*** DATA LISTING Section Begins ***

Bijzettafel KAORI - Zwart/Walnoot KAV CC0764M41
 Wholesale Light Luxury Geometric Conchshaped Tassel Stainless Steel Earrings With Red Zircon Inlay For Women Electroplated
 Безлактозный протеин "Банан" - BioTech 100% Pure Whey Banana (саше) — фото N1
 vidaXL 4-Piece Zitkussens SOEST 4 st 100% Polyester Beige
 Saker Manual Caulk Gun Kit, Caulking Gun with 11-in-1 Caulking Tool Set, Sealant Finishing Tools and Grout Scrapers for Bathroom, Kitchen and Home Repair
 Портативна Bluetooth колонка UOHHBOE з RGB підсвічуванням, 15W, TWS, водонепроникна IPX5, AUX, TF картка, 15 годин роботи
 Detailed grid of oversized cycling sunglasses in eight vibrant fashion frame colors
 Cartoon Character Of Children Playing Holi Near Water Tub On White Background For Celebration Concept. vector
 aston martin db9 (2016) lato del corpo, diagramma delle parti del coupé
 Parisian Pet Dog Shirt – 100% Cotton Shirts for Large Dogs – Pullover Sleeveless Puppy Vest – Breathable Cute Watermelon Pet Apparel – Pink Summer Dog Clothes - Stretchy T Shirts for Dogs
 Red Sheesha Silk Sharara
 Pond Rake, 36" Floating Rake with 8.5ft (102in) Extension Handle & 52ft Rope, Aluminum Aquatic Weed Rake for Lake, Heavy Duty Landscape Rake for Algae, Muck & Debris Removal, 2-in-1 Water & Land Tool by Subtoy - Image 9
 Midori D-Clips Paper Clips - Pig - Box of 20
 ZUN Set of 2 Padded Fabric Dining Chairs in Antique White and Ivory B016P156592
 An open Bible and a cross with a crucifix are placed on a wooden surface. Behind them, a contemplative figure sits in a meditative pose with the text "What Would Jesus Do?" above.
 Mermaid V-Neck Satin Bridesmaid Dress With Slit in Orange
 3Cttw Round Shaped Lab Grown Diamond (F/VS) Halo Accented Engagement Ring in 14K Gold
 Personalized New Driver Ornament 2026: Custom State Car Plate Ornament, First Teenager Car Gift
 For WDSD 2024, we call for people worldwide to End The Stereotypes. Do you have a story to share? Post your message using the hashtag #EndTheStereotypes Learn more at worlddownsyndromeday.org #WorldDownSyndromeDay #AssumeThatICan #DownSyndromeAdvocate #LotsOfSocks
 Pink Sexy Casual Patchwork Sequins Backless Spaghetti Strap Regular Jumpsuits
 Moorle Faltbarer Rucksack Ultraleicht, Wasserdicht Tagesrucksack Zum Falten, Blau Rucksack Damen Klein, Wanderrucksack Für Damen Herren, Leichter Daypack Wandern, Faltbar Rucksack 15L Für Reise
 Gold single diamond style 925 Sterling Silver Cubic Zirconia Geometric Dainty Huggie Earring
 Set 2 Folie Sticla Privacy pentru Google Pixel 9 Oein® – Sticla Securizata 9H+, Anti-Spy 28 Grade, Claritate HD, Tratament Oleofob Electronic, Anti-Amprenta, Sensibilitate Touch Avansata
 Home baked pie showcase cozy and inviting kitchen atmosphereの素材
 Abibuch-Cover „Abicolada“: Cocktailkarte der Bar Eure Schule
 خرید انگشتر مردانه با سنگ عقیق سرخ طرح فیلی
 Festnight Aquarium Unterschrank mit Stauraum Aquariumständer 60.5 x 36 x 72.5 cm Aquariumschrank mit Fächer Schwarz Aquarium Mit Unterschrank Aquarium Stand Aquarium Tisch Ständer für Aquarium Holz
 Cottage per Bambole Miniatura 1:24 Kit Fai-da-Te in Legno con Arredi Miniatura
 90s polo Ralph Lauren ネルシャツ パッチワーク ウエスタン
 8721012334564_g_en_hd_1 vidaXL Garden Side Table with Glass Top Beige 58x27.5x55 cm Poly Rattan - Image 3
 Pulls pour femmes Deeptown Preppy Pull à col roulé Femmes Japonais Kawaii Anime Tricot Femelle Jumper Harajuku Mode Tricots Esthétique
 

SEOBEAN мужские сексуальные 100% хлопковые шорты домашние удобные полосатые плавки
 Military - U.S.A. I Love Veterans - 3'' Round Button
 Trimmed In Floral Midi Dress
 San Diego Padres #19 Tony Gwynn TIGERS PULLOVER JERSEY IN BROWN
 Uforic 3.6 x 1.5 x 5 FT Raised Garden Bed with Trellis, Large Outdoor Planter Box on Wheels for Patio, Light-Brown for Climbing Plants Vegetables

*** DATA LISTING Section Ends ***

TASK INSTRUCTIONS: Above are the records; report each line in them that includes the word "Beige".

OUTPUT OF THE TASK:
 vidaXL 4-Piece Zitkussens SOEST 4 st 100% Polyester Beige
 8721012334564_g_en_hd_1 vidaXL Garden Side Table with Glass Top Beige 58x27.5x55 cm Poly Rattan - Image 3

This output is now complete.